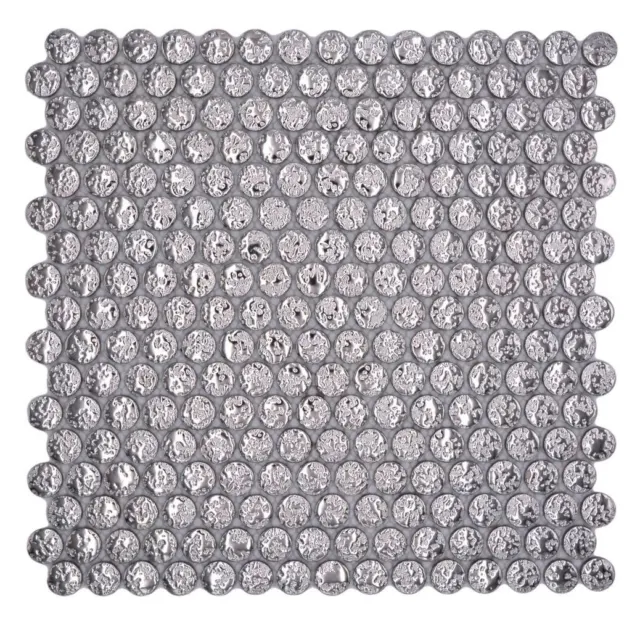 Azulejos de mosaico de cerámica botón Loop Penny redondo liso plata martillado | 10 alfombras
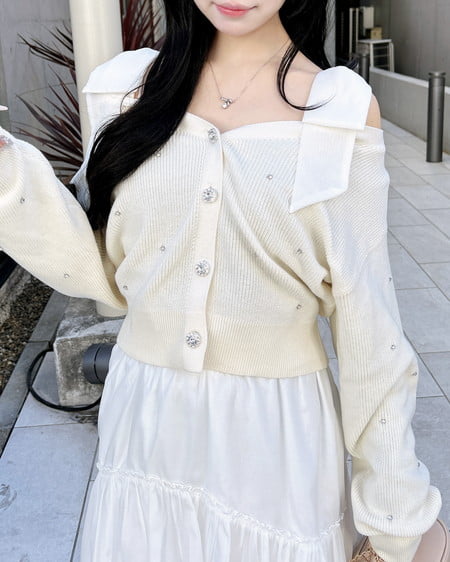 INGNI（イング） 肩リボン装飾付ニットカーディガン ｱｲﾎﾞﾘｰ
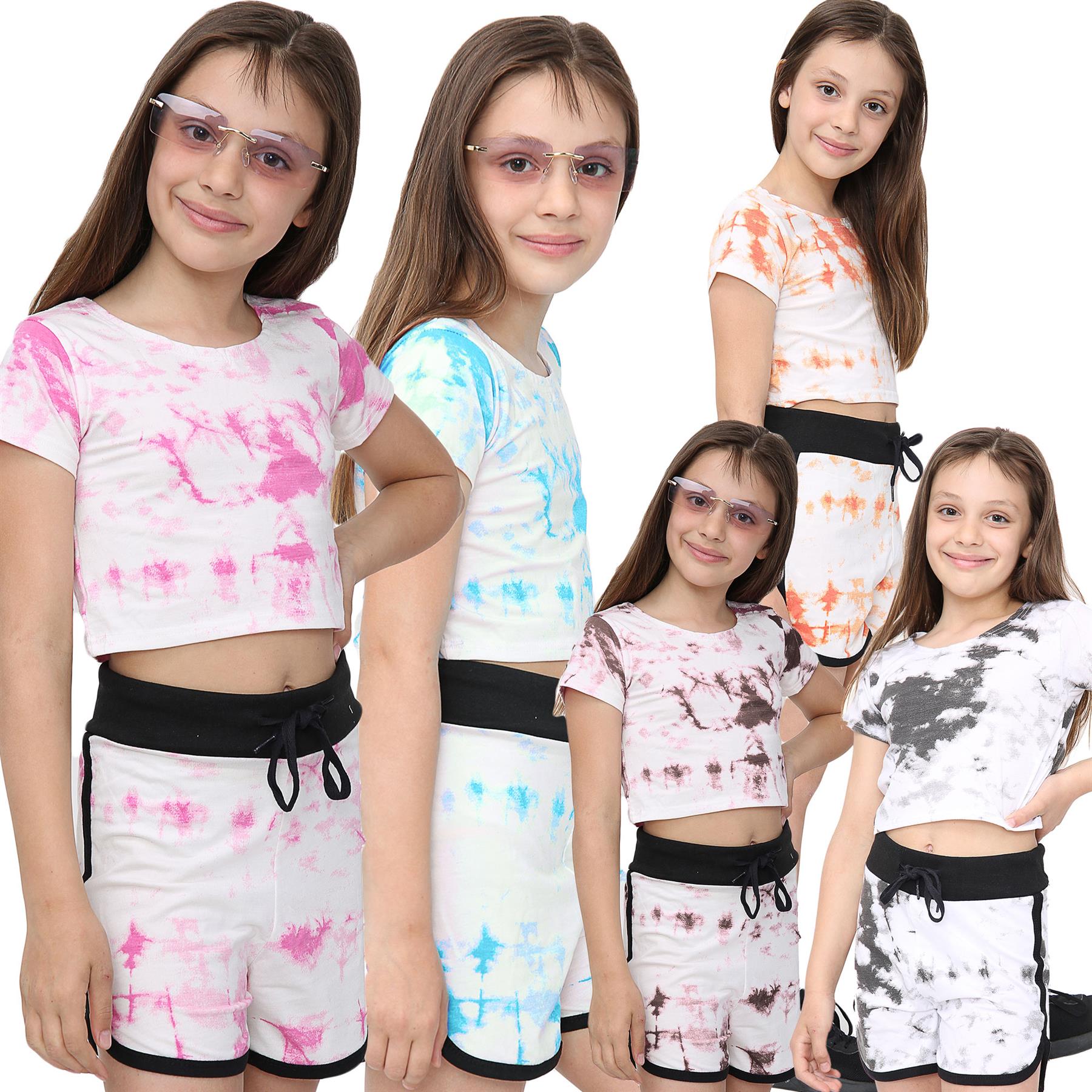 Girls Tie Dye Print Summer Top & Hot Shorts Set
:::::
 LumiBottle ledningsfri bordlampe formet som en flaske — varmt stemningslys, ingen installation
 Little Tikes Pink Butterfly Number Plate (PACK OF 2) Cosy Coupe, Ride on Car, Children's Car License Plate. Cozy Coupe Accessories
:::::
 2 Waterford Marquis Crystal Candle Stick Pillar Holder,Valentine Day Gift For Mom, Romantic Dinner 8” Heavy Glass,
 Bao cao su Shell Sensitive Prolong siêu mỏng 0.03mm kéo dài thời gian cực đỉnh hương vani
:::::
— Your goal —
Range to copy from the records above: the line containing "Azulejos de mosaico" to the line containing "Girls Tie Dye", both included. Output those lines exactly and only those, skipping pictures.

— Answer —
 Azulejos de mosaico de cerámica botón Loop Penny redondo liso plata martillado | 10 alfombras
 INGNI（イング） 肩リボン装飾付ニットカーディガン ｱｲﾎﾞﾘｰ
 Girls Tie Dye Print Summer Top & Hot Shorts Set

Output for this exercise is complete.